So I am trying to make a code where I can compare the performance of GPU vs CPU in executing merge sort using CUDA.
The CPU function works fine.
But the GPU function fails when I try to input more than 65536
. I am fairly new to CUDA and understand that I need to make a workaround in the part where I determine how many blocks and threads to be used. But I need help with that, can anyone give me some guidance.

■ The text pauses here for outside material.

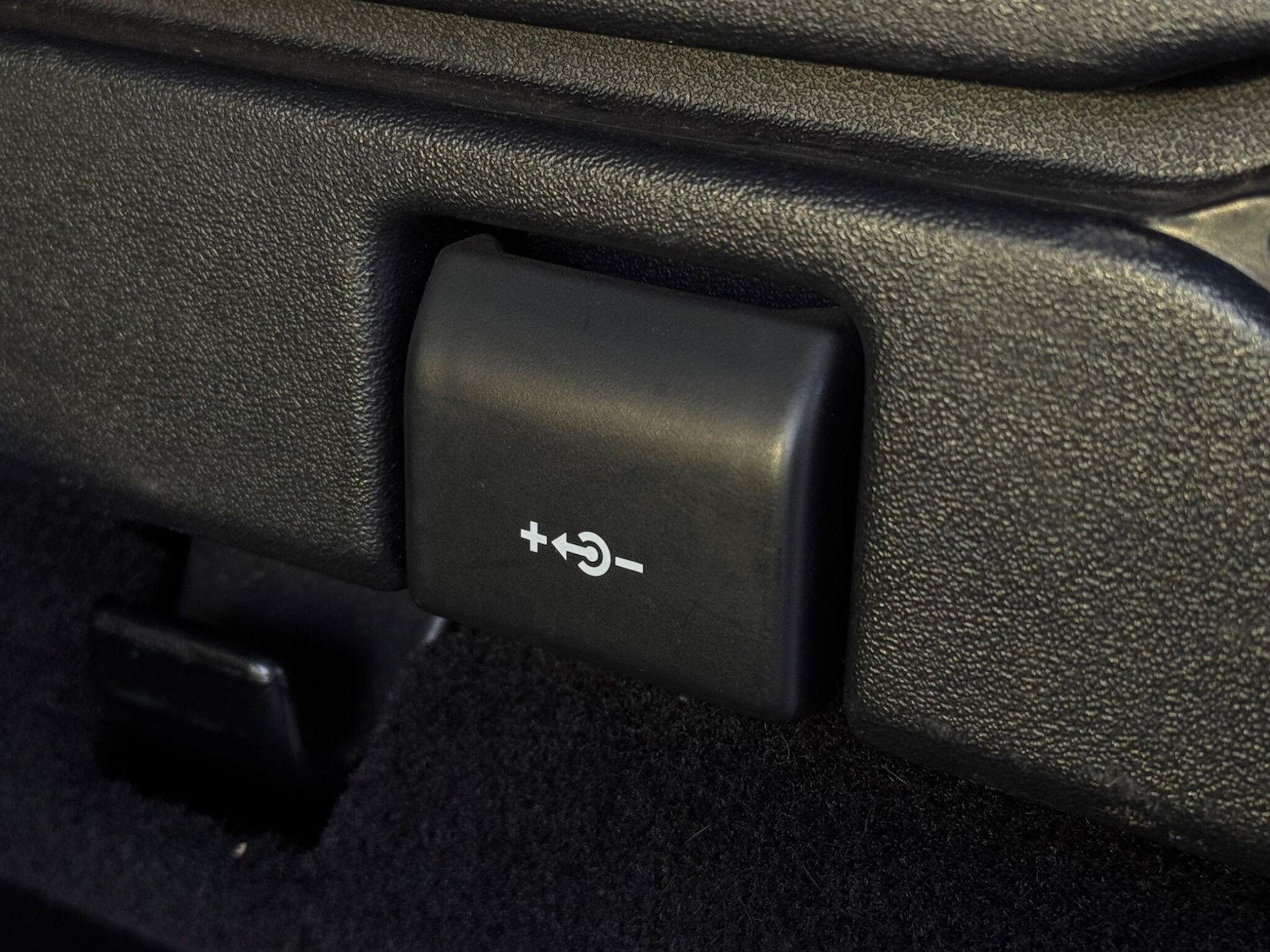 Used Land Rover Range Rover Sport 2016 for sale - 77131750: Photo 50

Thanks in advance.
#include "cuda_runtime.h"
#include "device_launch_parameters.h"
#include <cuda.h>
#include <iostream>
#include <cstdlib>
#include <ctime>
#include <algorithm>
__global__ void mergeSortGPU(int* arr, int* temp, int size, int mergeSize) {
int tid = threadIdx.x + blockIdx.x * blockDim.x;
int start = tid * mergeSize * 2;
int mid = start + mergeSize;
int end = start + 2 * mergeSize;
if (start >= size || mid >= size)
return;
if (end > size)
end = size;
int i = start;
int j = mid;
int k = start;
while (i < mid && j < end) {
if (arr[i] <= arr[j])
temp[k++] = arr[i++];
else
temp[k++] = arr[j++];
}
while (i < mid)
temp[k++] = arr[i++];
while (j < end)
temp[k++] = arr[j++];
for (int idx = start; idx < end; ++idx)
arr[idx] = temp[idx];
}
int main() {
int size;
std::cout << "Enter the size of the array: ";
std::cin >> size;
// Allocate memory for the array
int* arr = new int[size];
int* carr = new int[size];
int* temp = new int[size];
srand(static_cast<unsigned int>(time(nullptr)));
for (int i = 0; i < size; ++i) {
arr[i] = rand() % 100;
carr[i] = arr[i];
}
// GPU variables
int* gpuArr;
int* gpuTemp;
int maxThreadsPerBlock = 1024;
int threadsPerBlock = std::min(1024, size / 2);
int blocksPerGrid = (size + (2 * threadsPerBlock) - 1) / (2 * threadsPerBlock);
blocksPerGrid = std::max(blocksPerGrid, 1);
// Allocate memory on GPU
cudaMalloc((void**)&gpuArr, size * sizeof(int));
cudaMalloc((void**)&gpuTemp, size * sizeof(int));
// Copy the input array to GPU memory
cudaMemcpy(gpuArr, arr, size * sizeof(int), cudaMemcpyHostToDevice);
for (int mergeSize = 1; mergeSize < size; mergeSize *= 2) {
mergeSortGPU << <blocksPerGrid, threadsPerBlock >> > (gpuArr, gpuTemp, size, mergeSize);
cudaDeviceSynchronize();
}
// Free allocated memory
delete[] arr;
delete[] carr;
delete[] temp;
cudaFree(gpuArr);
cudaFree(gpuTemp);
return 0;
}
Tried change the blockspergrid
and threadsperblock
to maximum. But I have a feeling that it is not the right way.